Wittig reaction: alkene formation

Wittig Reaction Definition:


The Wittig reaction is a useful way of forming alkenes from phosphorus ylides (Wittig reagents) and aldehydes or ketones.



Wittig Reaction Explanation:


The chemical reaction of an aldehyde or ketone with a triphenyl phosphonium ylide yielding alkene, and triphenylphosphine oxide.

A phosphorus ylide or Wittig reagent is a suitable nucleophile because new carbon-carbon bond can be made in this way. Phosphorus ylides are prepared from an alkyl halide and triphenylphosphine such that triphenylphosphine performs a nucleophilic attack on the alkyl halide via the SN2 reaction followed by deprotonation with a strong base.
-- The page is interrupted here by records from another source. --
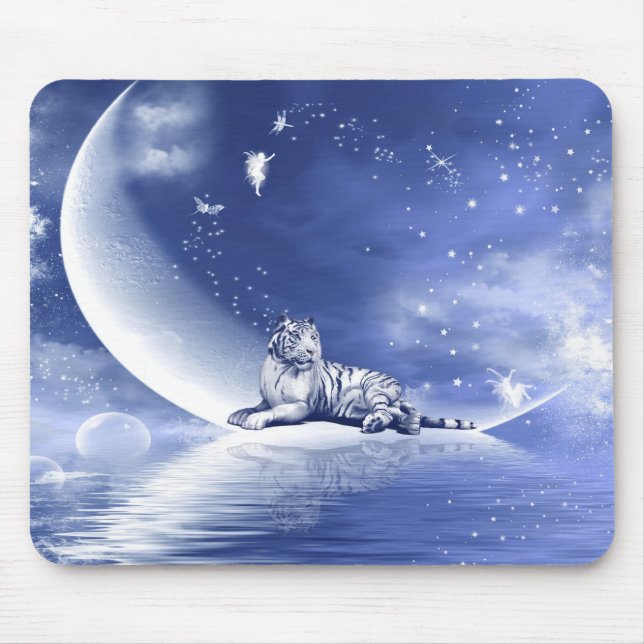 Tiger on the moon mouse pad (Front)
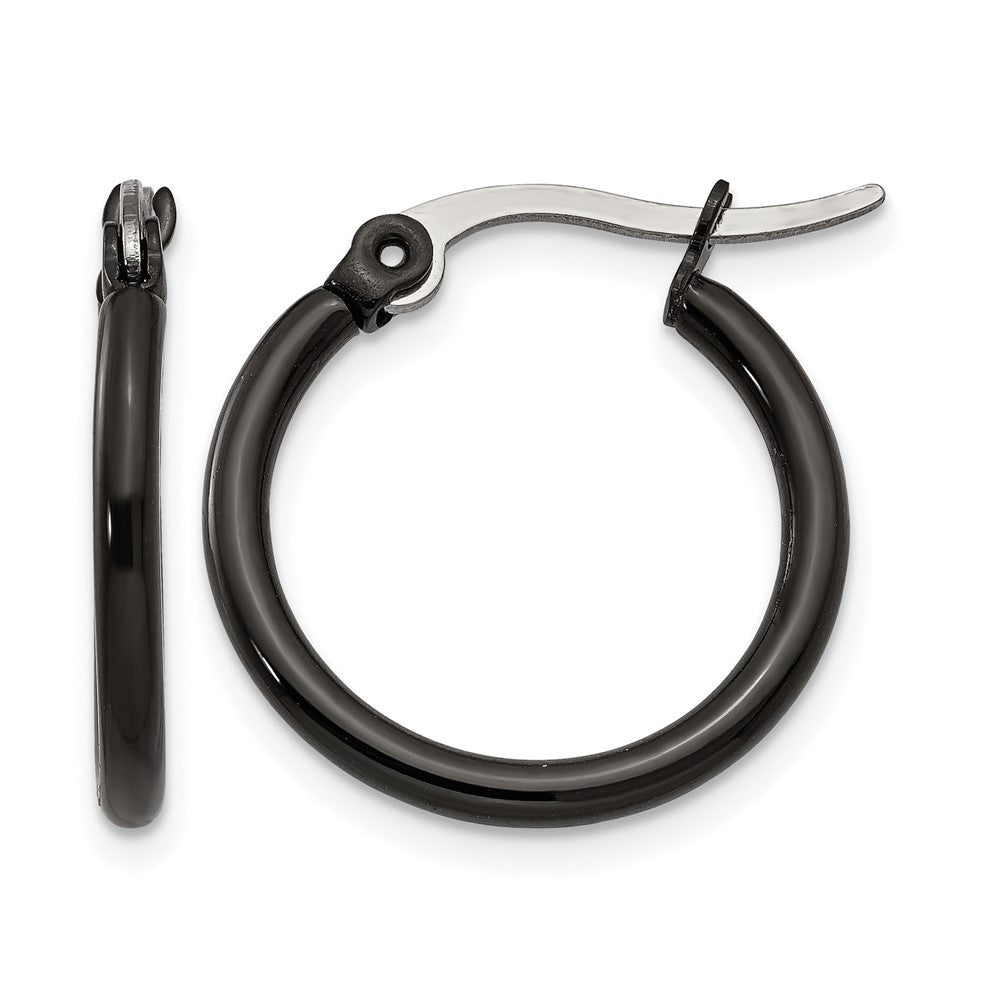 Chisel Stainless Steel Polished Black IP-plated 19mm Diameter 2mm Hoop Earrings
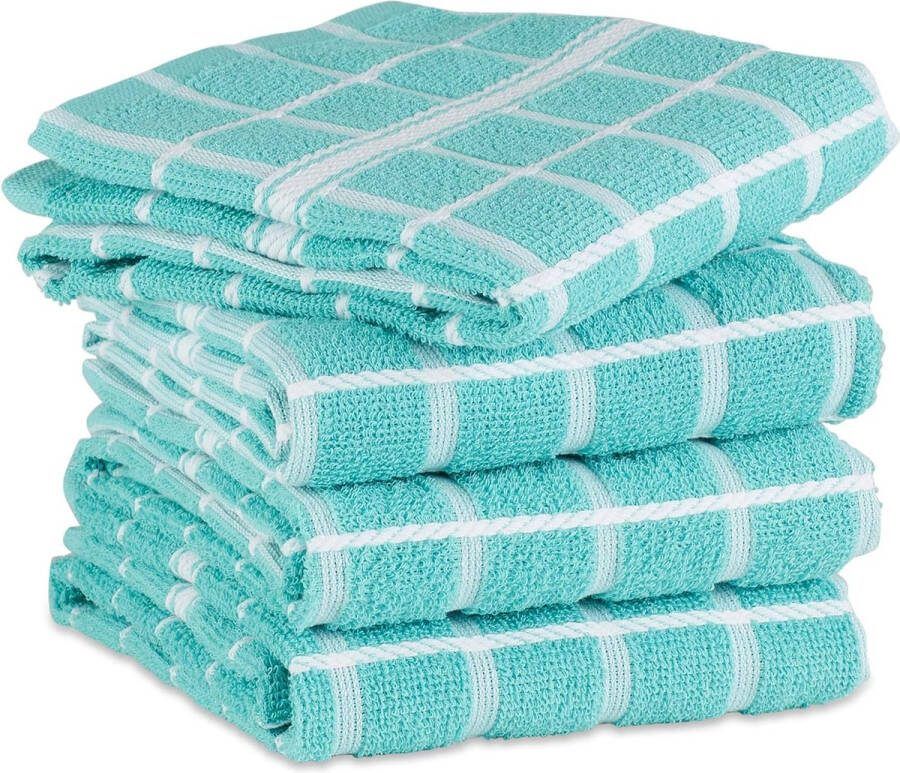 Windowpane Vaatdoek Set Katoen Aqua 16x26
The mechanism of this reaction consists of two steps. In the first step, the negatively polarized carbon in the ylide functions as a nucleophile and attacks the electrophilic carbon of carbonyl group. The oxygen from carbonyl group immediately attacks phosphorus from Wittig reagent which is positively charged. This simultaneously double addition is called [2+2] cycloaddition, and the product called an oxaphosphetane or oxaphosphacyclobutane. This intermediate then in the second step undergoes fragmentation to give the alkene product.